In der südlichen Seitenapsis wurde eine Sakristei eingerichtet, in der nördlichen bekam das Gefallenenbuch der zwei Weltkriege einen Platz.
Es wurde ein neuer Altar angeschafft, auch die Kanzel wurde erneuert und auf die Ecke des Vierungsfeilers vorverlegt. Dabei wurde der romanische Pfeiler, auf dem der Vorgänger der neuen Kanzel ruhte, und der wie bereits erwähnt ein Teil des zerstörten Lettners darstellte, als historistisch vernichtet.
Hinter dem Altar fand die Kreuzigung des Bildhauers Hugues ihren heutigen Platz und in der Chorapsis wurde das Schmuckfenster eingefügt, das den Vers 2 aus dem ersten Kapitel der Offenbarung darstellt und Jesus als Weltenrichter zeigt.
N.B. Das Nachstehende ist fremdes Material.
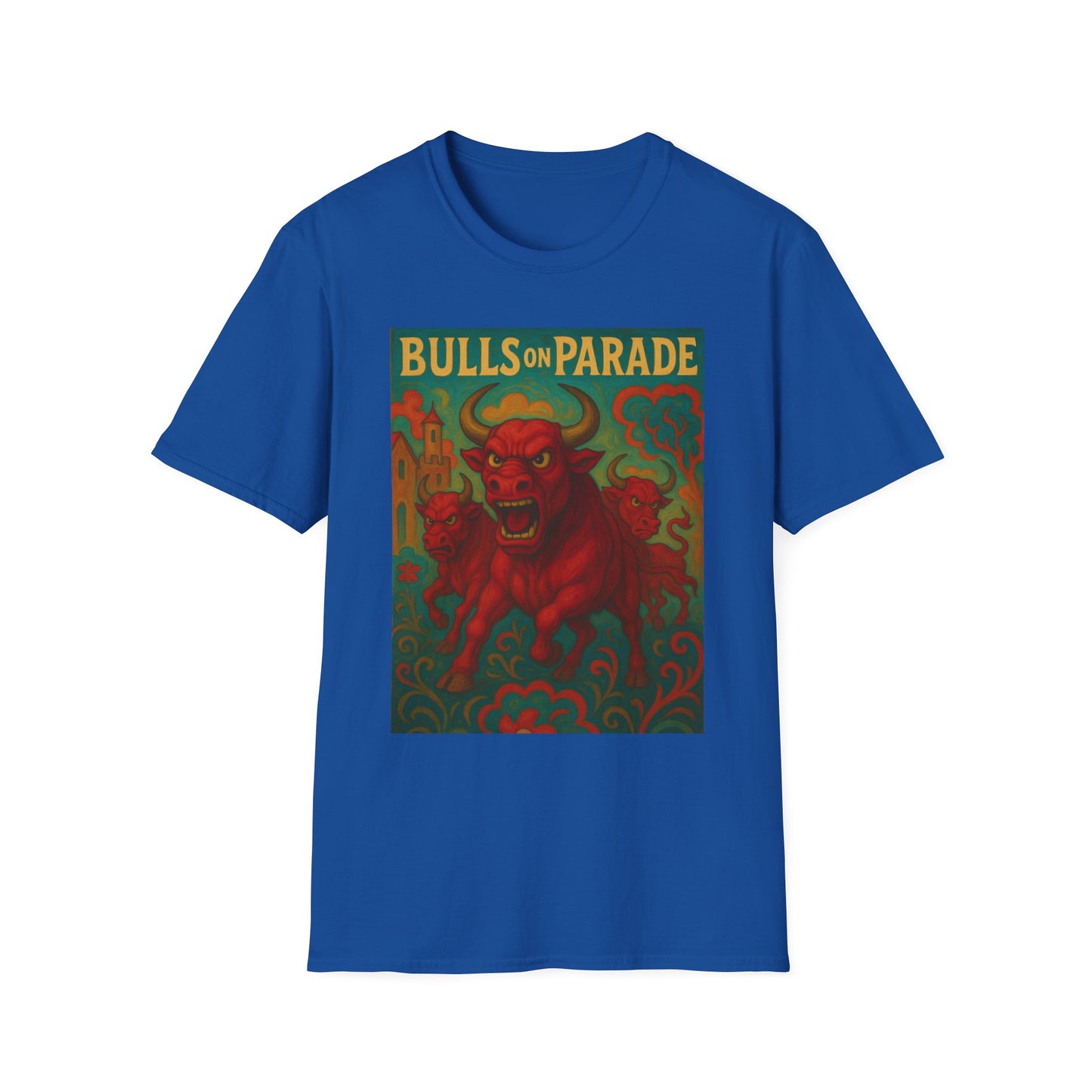 Bulls on Parade Shirt – Psychedelic Rage-Inspired Bull Graphic Tee • Gildan Softstyle® Unisex • Protest Art T-Shirt • Gift for Rage Fans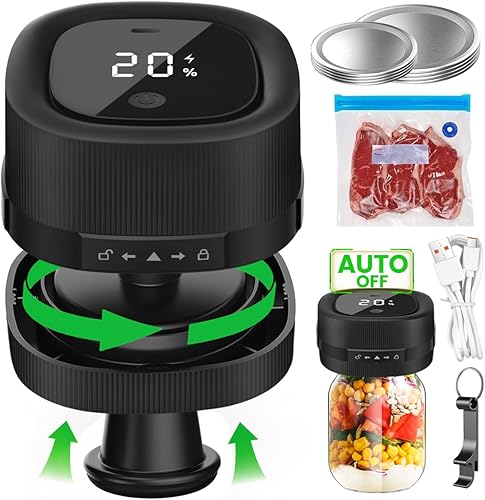 Sellador al vacío eléctrico de tarros de masón, sellador al vacío 3 en 1 para frascos compatible con bolsa de vacío, sellador al vacío de tarros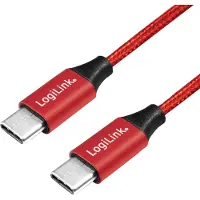 Logilink CU0156, 1 m, USB C, USB C, USB 2.0, Röd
Klosterkirche Lippoldsberg
Ausmalung des Chorraums
Die größte Veränderung die die Renovierungsarbeiten zu diesem Zeitpunkt mit sich brachten, war sicherlich die Entfernung der Bemalung des Innenraums. Eine Wiederherstellung der gotischen Malereien war nicht mehr möglich und so entschied man sich, nicht ohne Grund davon ausgehend das die Kirche ursprünglich so ausgelegt war, auf den Verzicht jedweder Ausmalung.
Der zeitgleich erfolgte Einbau einer elektrische Bankheizung förderte das Grab einer Nonne in der Nonnenkrypta zu Tage, ebenso wie man einige Jahre später bei baulichen Arbeiten in der südlichen Seitenapsis das Grabgelege des viehraubenden Grafen von Dassel freilegte.
Doch bei diesen Funden handelte es sich eher um zufällige Treffer, die mit Renovierungsarbeiten einhergingen. Mit System ist unter den Platten der Klosterkirche nie gesucht worden, anders als in dem Westflügel der Klosteranlage.
In dem sogenannten Jagdschloß, das nach dem ersten Weltkrieg von dem, bereits erwähnten Hans Grimm erworben wurde, hat man zu Beginn der sechziger Jahre Mosaikreste und Säulen gefunden, die die Rekonstruktion eines Teils des westlichen Kreuzgangflügels ermöglichten. Dieser freizugängliche Teil vermittelt zwar nur einen Abglanz der Klosteranlage wie sie im 12. Jahrhundert von Propst Gunther entworfen und gebaut worden ist, und doch hilft sie dem Besucher von heute sich eine Vorstellung vom Kreuzgang der Nonnen zu machen.